In accordance with an embodiment of the present invention, preparing the magnetic powders may include: preparing an iron-based alloy particle; and preparing a ferrite particle, and manufacturing the magnetic powder may be performed such that weight ratio is increased in a sequence of the iron-based alloy particle, the metal magnetic body particle, and the ferrite particle.

In accordance with an embodiment of the present invention, preparing the magnetic powders may include: preparing an iron-based alloy particle; and preparing a ferrite particle.

In accordance with an embodiment of the present invention, preparing the magnetic powders may include: preparing an iron-based alloy particle; and preparing a ferrite particle, and preparing the metal magnetic body particle may include preparing a pure iron particle having a purity of 99% or more.

In accordance with an embodiment of the present invention, preparing the magnetic powders may include preparing an iron-based alloy particle having a particle size of 15 to 20 μm, and preparing the metal magnetic particle may include preparing a pure iron particle having a particle size of 1 to 5 μm.

In accordance with an embodiment of the present invention, the method may further include mixing the magnetic powder mixture with a binder.

In accordance with an embodiment of the present invention, the chip part may be a power inductor used at a frequency band of 1 MHz or more, and may have an Isat value of 3.0 or more.

BRIEF DESCRIPTION OF THE DRAWINGS

These and/or other aspects and advantages of the present general inventive concept will become apparent and more readily appreciated from the following description of the embodiments, taken in conjunction with the accompanying drawings of which:

FIG. 1 is a view showing an inductor according to an embodiment of the present invention;

FIG. 2 is a view showing a magnetic sheet shown in FIG. 1; and

FIG. 3 is a view showing a unit magnetic particle structure of a composite according to an embodiment of the present invention.

DETAILED DESCRIPTION OF THE PREFERABLE EMBODIMENTS

Advantages and features of the present invention and methods of accomplishing the same will be apparent by referring to embodiments described below in detail in connection with the accompanying drawings. However, the present invention is not limited to the embodiments disclosed below and may be implemented in various different forms. The exemplary embodiments are provided only for completing the disclosure of the present invention and for fully representing the scope of the present invention to those skilled in the art. Like reference numerals refer to like elements throughout the specification.

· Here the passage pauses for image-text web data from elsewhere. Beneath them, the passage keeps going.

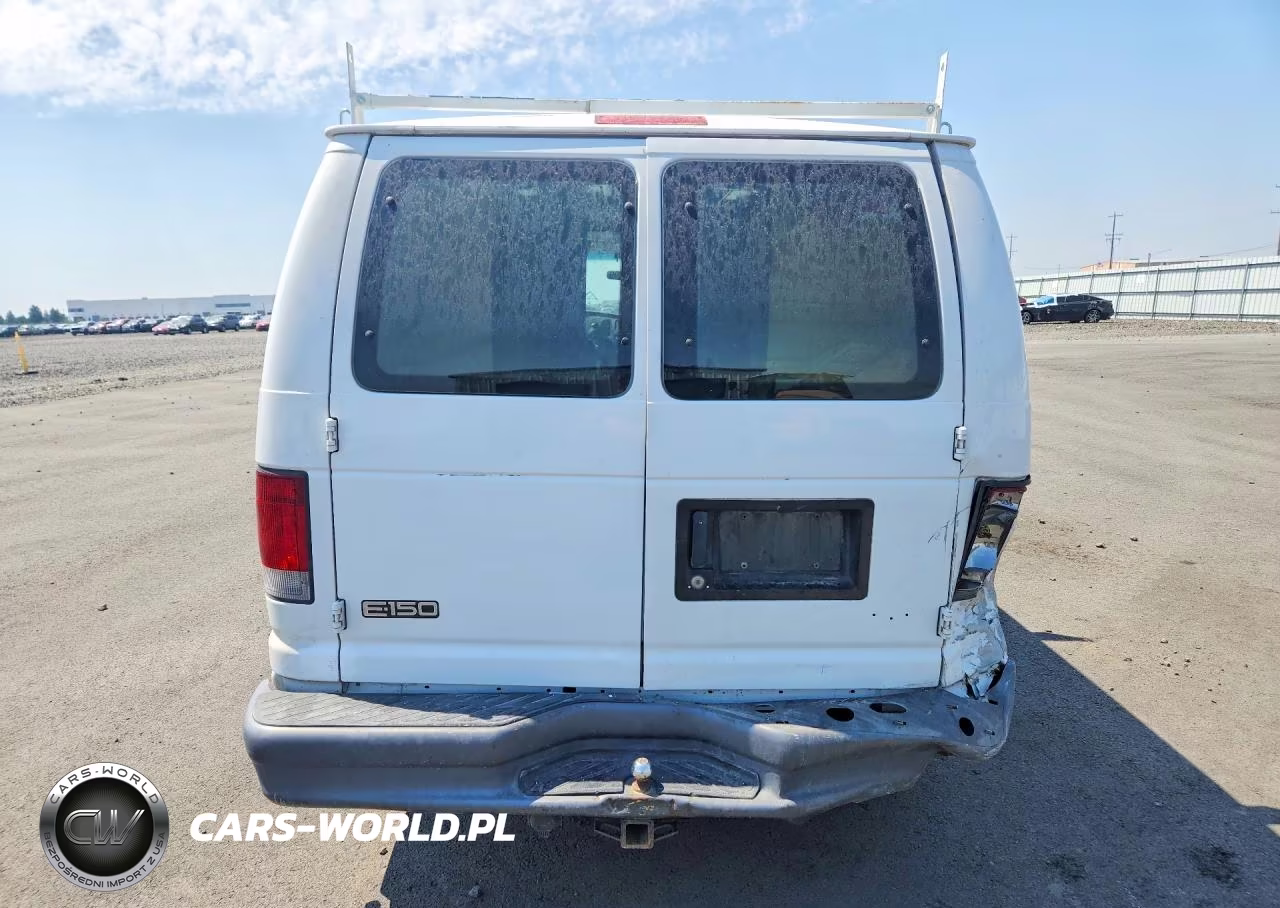 2005 Ford Econoline E150 Van VIN:1FTRE14L25HA54556 - 6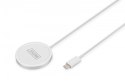 Ładowarka bezprzewodowa indukcyjna 15W MagSafe 1m USB-C Biała Ładowarka bezprzewodowa indukcyjna 15W MagSafe 1m USB-C Biała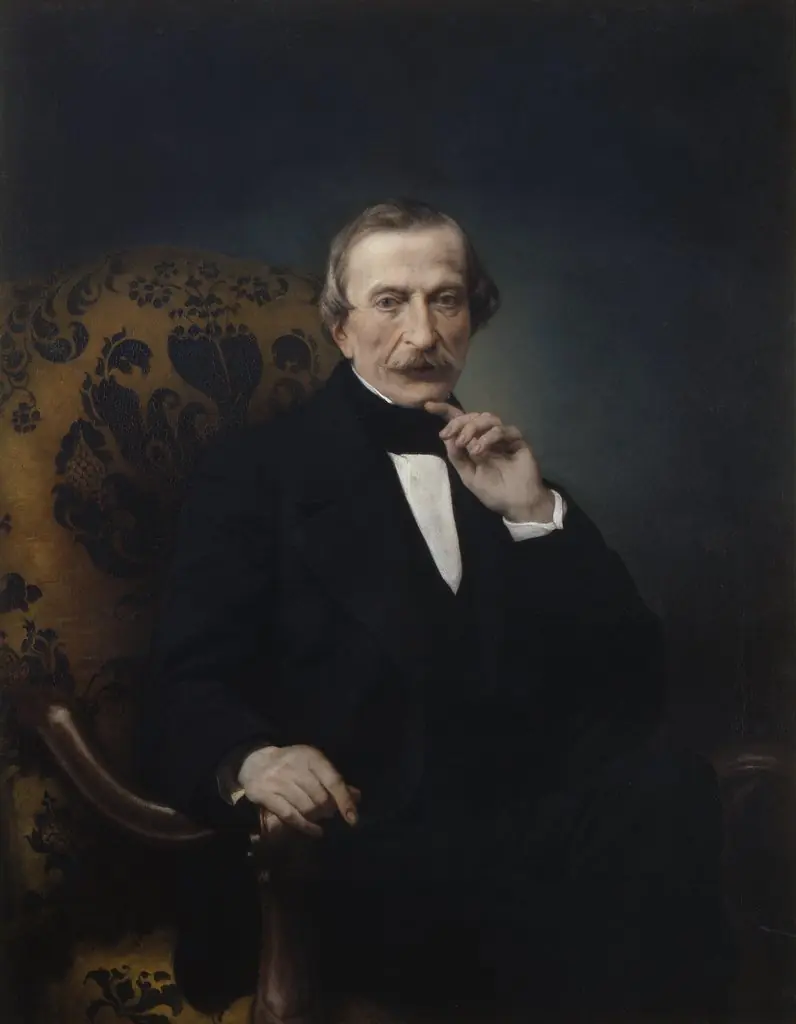 Portrait of Massimo d’Azeglio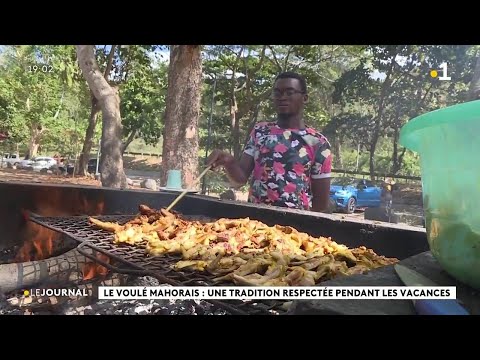 Le voulé à Mayotte une tradition respectée pendant les vacances.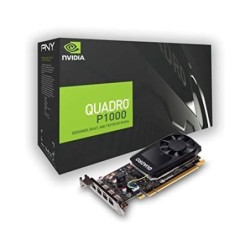 VGA PNY Quadro P1000 v2 4GB DVI GDDR5 (VCQP1000DVIV2-PB)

Terms used herein are provided to explain embodiments, not limiting the present invention. Throughout this specification, the singular form includes the plural form unless the context clearly indicates otherwise. Further, terms “comprises” and/or “comprising” used herein specify the existence of described shapes, numbers, steps, operations, members, elements, and/or groups thereof, but do not preclude the existence or addition of one or more other shapes, numbers, operations, members, elements, and/or groups thereof.

In addition, an embodiment described herein will be described with reference to exemplary cross-sectional views and/or plan views of the present invention. In the drawings, thicknesses of films and regions are exaggerated for effective description of technical description. Accordingly, shapes of exemplary views may be varied due to tolerance or the like. Accordingly, the embodiment of the present invention is not limited to the shown specific shape but may include variations generated due to a manufacturing process. For example, an etching region shown in a right angle may be rounded or may have a predetermined radius of curvature.

Hereinafter, a composite, a method of manufacturing the same, and an inductor manufactured using the same according to an embodiment of the present invention will be described in detail with reference to the accompanying drawings.

FIG. 1 is a view showing the inductor according to the embodiment of the present invention, and FIG. 2 is a view showing a magnetic sheet shown in FIG. 1.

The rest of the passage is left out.